Where do I get the Maharashtra State Board Books PDF For free download?

You can download the Maharashtra State Board Books from the eBalbharti official website, i.e. cart.ebalbharati.in or from this article.

How to Download Maharashtra State Board Books?

Students can get the Maharashtra Books for primary, secondary, and senior secondary classes from here.  You can view or download the Maharashtra State Board Books from this page or from the official website for free of cost. Students can follow the detailed steps below to visit the official website and download the e-books for all subjects or a specific subject in different mediums.
Step 1: Visit the official website ebalbharati.in
Step 2: On the top of the screen, select “Download PDF textbooks” 
Step 3: From the “Classes” section, select your class.
Step 4: From “Medium”, select the medium suitable to you.
Step 5: All Maharashtra board books for your class will now be displayed on the right side. 
Step 6: Click on the “Download” option to download the PDF book.

Who developed the Maharashtra State board books?

As of now, the MSCERT and Balbharti are responsible for the syllabus and textbooks of Classes 1 to 8, while Classes 9 and 10 are under the Maharashtra State Board of Secondary and Higher Secondary Education (MSBSHSE).

How many state boards are there in Maharashtra?

The Maharashtra State Board of Secondary & Higher Secondary Education, conducts the HSC and SSC Examinations in the state of Maharashtra through its nine Divisional Boards located at Pune, Mumbai, Aurangabad, Nasik, Kolhapur, Amravati, Latur, Nagpur and Ratnagiri.
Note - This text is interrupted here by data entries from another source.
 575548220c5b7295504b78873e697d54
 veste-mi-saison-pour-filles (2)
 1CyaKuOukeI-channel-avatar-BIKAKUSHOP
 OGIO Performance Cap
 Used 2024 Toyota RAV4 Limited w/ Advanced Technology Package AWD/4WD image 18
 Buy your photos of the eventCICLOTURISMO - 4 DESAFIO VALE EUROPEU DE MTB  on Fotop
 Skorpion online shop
About Maharashtra State Board (MSBSHSE)

The Maharashtra State Board of Secondary and Higher Secondary Education or MSBSHSE (Marathi: महाराष्ट्र राज्य माध्यमिक आणि उच्च माध्यमिक शिक्षण मंडळ), is an autonomous and statutory body established in 1965. The board was amended in the year 1977 under the provisions of the Maharashtra Act No. 41 of 1965.
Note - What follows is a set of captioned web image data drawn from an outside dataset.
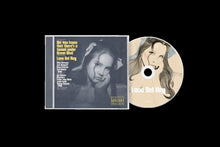 Load image into Gallery viewer, Lana Del Rey - Did You Know That There's A Tunnel Under Ocean Blvd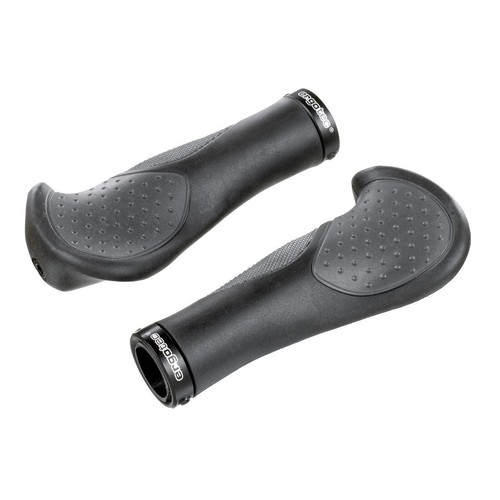 Ergotec 61646001 mtb atb - 61646001,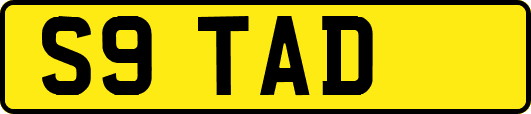 S9TAD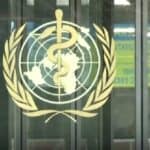 SZO na sve načine pokušava da pridobije podršku za PANDEMIJSKI PAKT
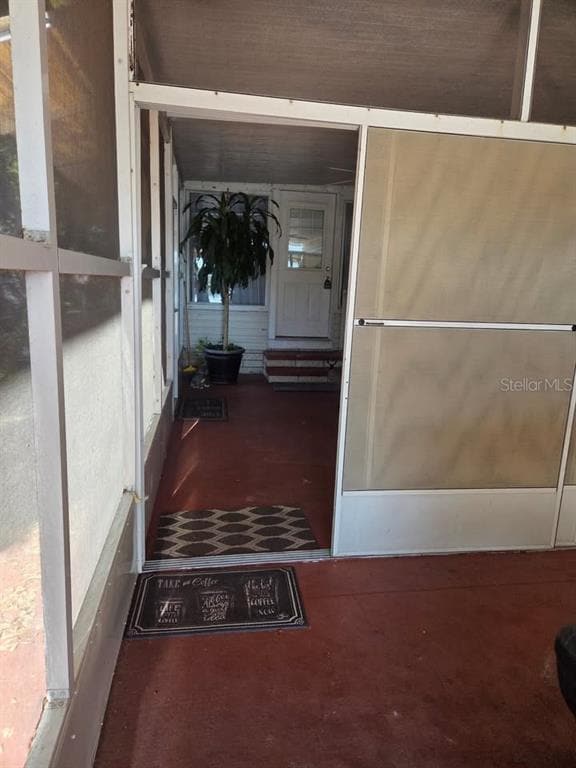 Photo - 429 Heron Hollow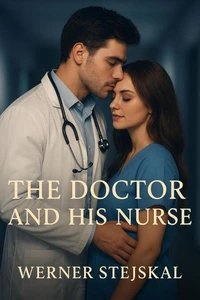 The Doctor and his Nurse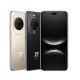 Huawei Nova 14 Ultra officially launched alongside the Nova 14 and Nova 14 Pro.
The Maharashtra State Board of Secondary & Higher Secondary Education (MSBSHSE), Pune is an independent body of the Maharashtra Government. There are more than 1.4 million students that appear in the examination every year. The Maha State Board conducts the board examination twice a year. This board conducts the examination for SSC and HSC. 
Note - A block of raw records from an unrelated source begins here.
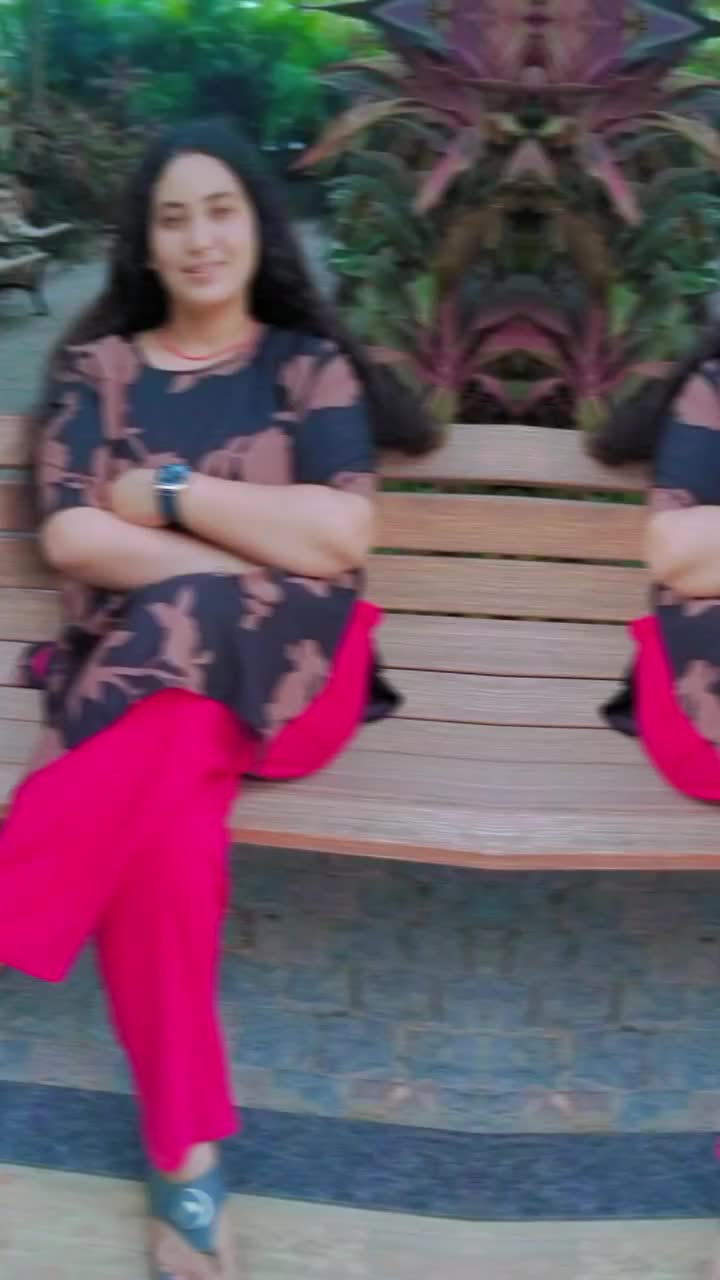@siddharthshukla310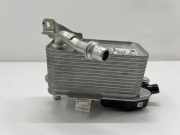 Kühler BMW X7 (G07) 8580419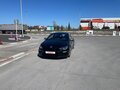 2009 Volkswagen Scirocco III, чёрный, 3350000 рублей - вид 2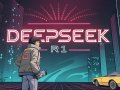 Why DeepSeek R1 Has Changed Everything in LLMs landscape?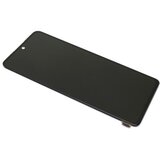  Lcd za xiaomi redmi note 10 pro/redmi note 10 pro max + touchscreen black oled ( LCD10089 ) | ePonuda.com
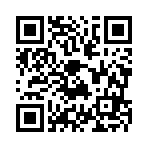 苏州愈昂生物科技有限公司移动站二维码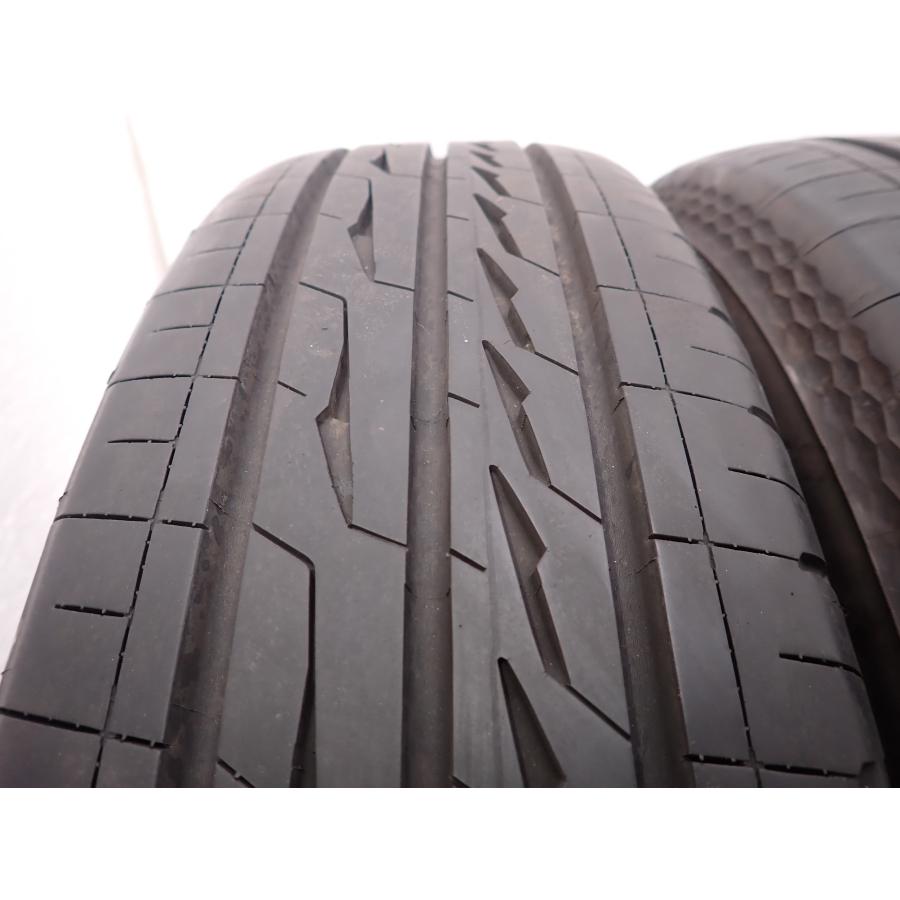 175/80/16夏2020年製造　ブリヂストン　#2019 夏4本SET 会社宛 送料無料 175/80R16 91S BS ブリヂストン ALENZA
The Maharashtra government established the Maharashtra State Bureau of Textbook Production and Curriculum Research, also commonly referred to as Ebalbharati, in 1967 to take up the responsibility of providing quality textbooks to students from all classes studying under the Maharashtra State Board. MSBHSE prepares and updates the curriculum to provide holistic development for students. It is designed to tackle the difficulty in understanding the concepts with simple language with simple illustrations. Every year around 10 lakh students are enrolled in schools that are affiliated with the Maharashtra State Board.